= Task goal =
The answer is the data repeated in full, with no pictures included.

-- Supplied data follows --

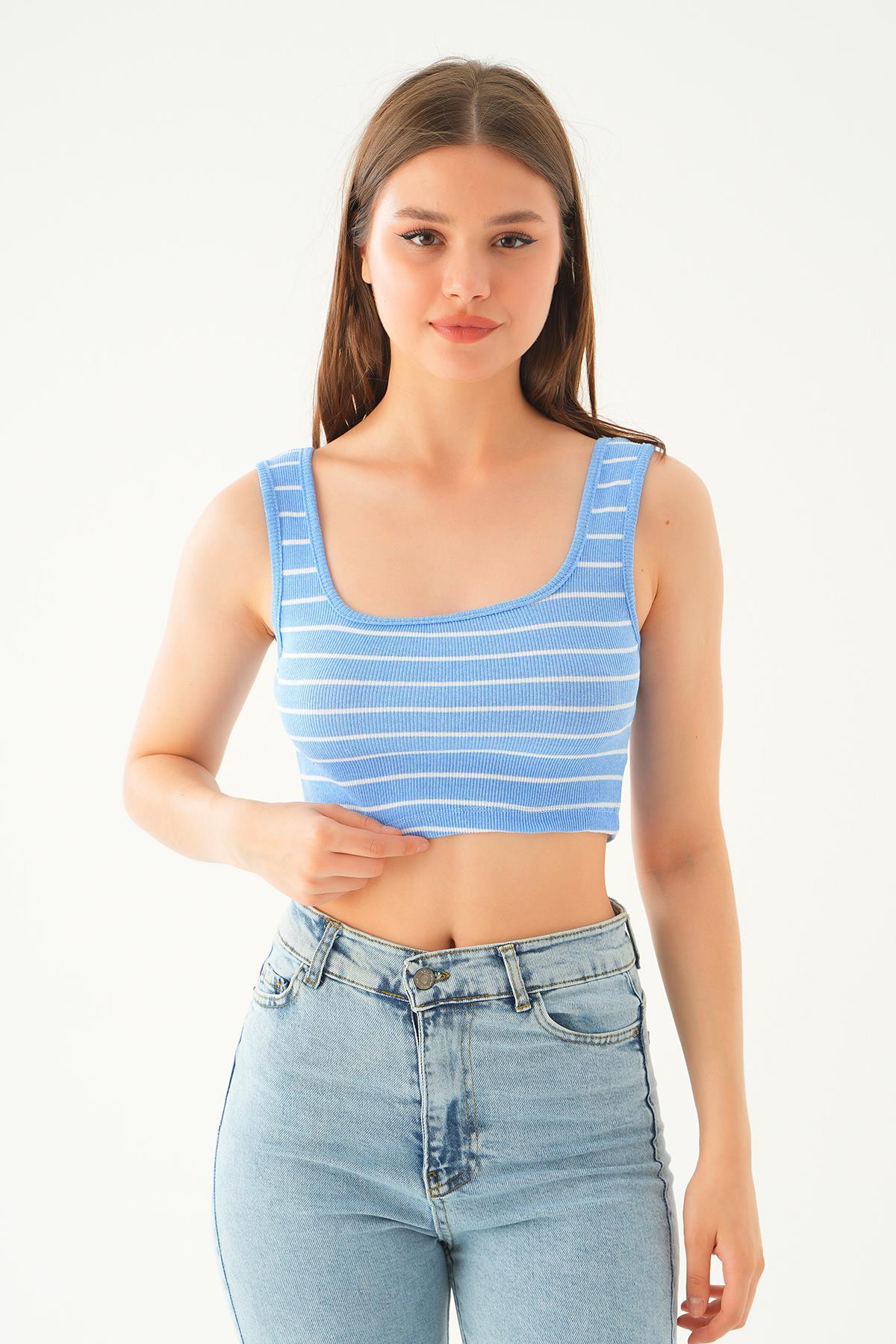 1317 Nakış Detay Atlet Mavi-Beyaz - 2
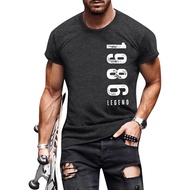 Men's cotton T-shirt 40th Birthday Shirts for Men Vintage 1986 Legend T-Shirt Mens Birthday Party Ou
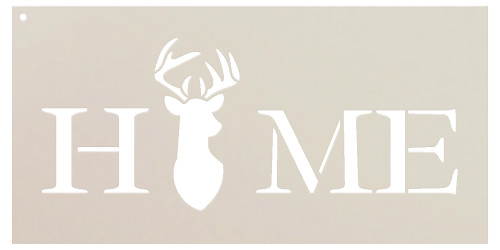 Home Stencil with Deer & Antlers StudioR12 | Modern Country Word Art for Kitchen | DIY Rustic Farmhouse Decor | Craft & Paint Wood Signs | Reusable Mylar Template | Select Size (24" x 12")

-- Supplied data concluded --

= Response =
 1317 Nakış Detay Atlet Mavi-Beyaz - 2
 Men's cotton T-shirt 40th Birthday Shirts for Men Vintage 1986 Legend T-Shirt Mens Birthday Party Ou
 Home Stencil with Deer & Antlers StudioR12 | Modern Country Word Art for Kitchen | DIY Rustic Farmhouse Decor | Craft & Paint Wood Signs | Reusable Mylar Template | Select Size (24" x 12")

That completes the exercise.